RECORD EXCERPTS |
--
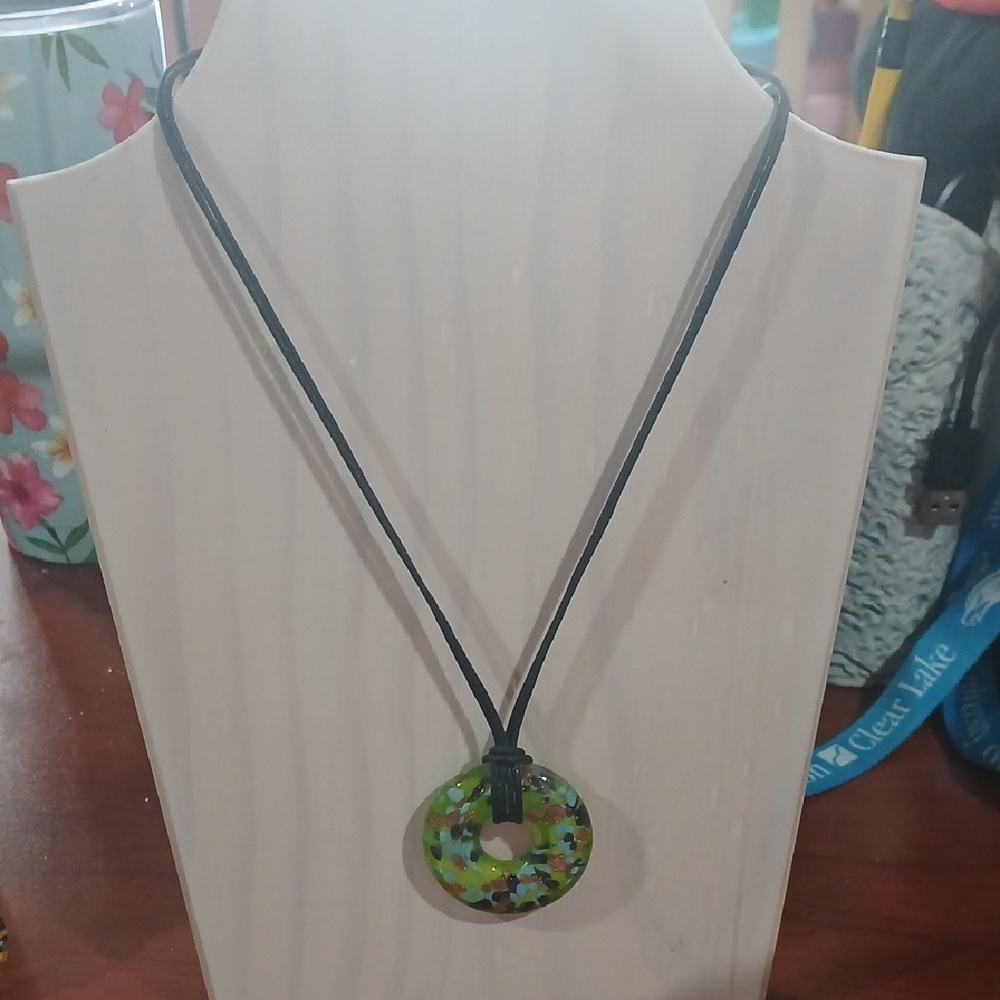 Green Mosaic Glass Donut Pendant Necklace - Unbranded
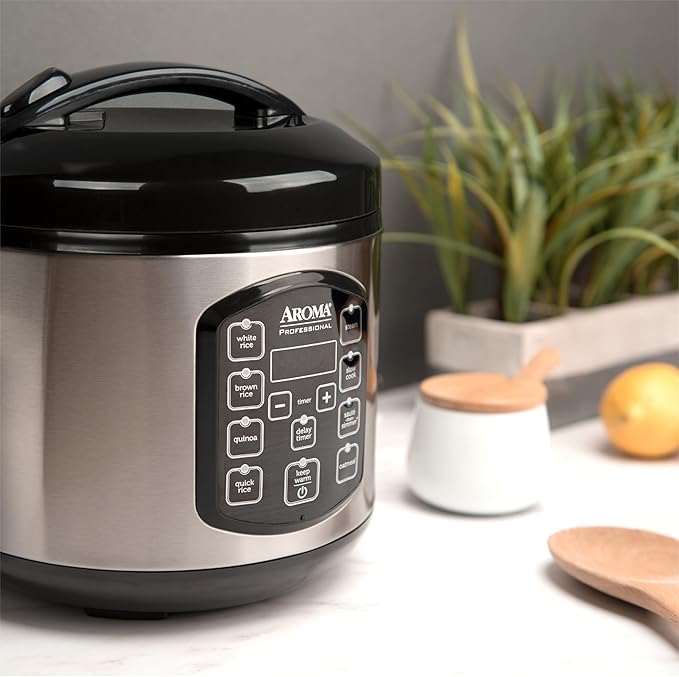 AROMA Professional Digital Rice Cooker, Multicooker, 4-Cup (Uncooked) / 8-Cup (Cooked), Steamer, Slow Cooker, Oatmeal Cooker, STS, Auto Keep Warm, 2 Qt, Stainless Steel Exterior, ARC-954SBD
--
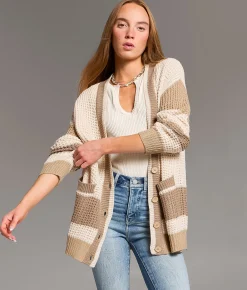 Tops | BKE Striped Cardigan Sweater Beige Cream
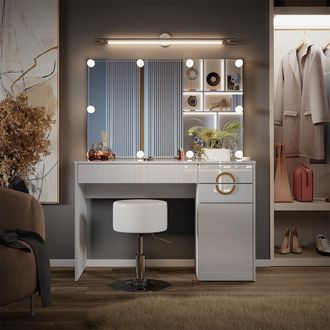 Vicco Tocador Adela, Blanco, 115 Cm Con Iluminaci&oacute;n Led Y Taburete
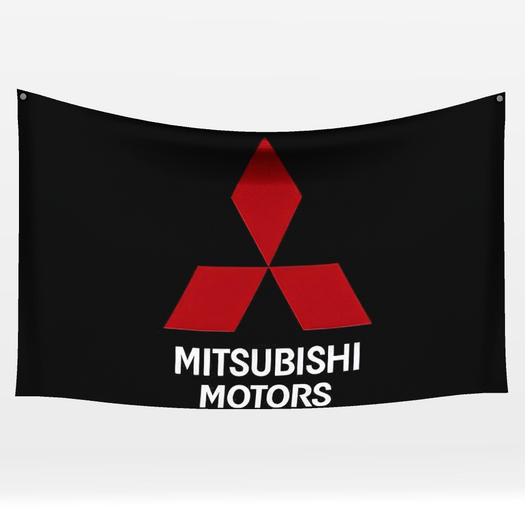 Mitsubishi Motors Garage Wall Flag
--
ASSIGNMENT |
In the records above, everything from the line with "Vicco Tocador Adela, Blanco, 115" down to the line with "Mitsubishi Motors Garage Wall Flag" is to be set down exactly, both ends included, with no pictures and no other lines.

ANSWER SECTION |
 Vicco Tocador Adela, Blanco, 115 Cm Con Iluminaci&oacute;n Led Y Taburete
 Mitsubishi Motors Garage Wall Flag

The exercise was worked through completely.